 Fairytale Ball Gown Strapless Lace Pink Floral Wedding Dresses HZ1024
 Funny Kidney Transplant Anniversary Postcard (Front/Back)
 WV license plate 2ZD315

__________

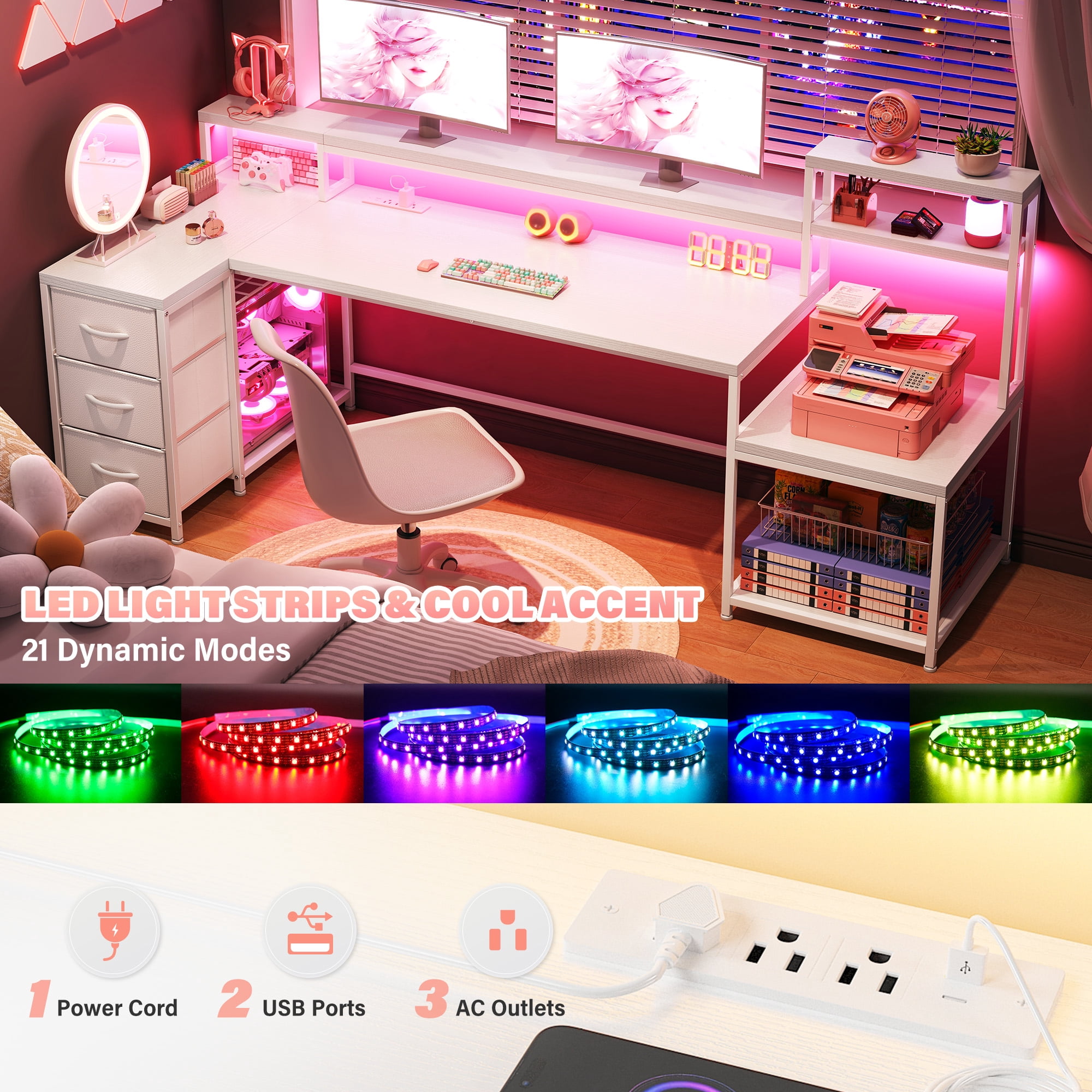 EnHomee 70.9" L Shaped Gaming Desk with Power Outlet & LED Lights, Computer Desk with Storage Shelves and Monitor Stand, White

__________

# ACTION ITEM
The response should be the listing above, limited to the lines between the one holding "Fairytale Ball Gown" and the one holding "WV license plate 2ZD315", inclusive, reproduced exactly.

# EXERCISE RESPONSE
 Fairytale Ball Gown Strapless Lace Pink Floral Wedding Dresses HZ1024
 Funny Kidney Transplant Anniversary Postcard (Front/Back)
 WV license plate 2ZD315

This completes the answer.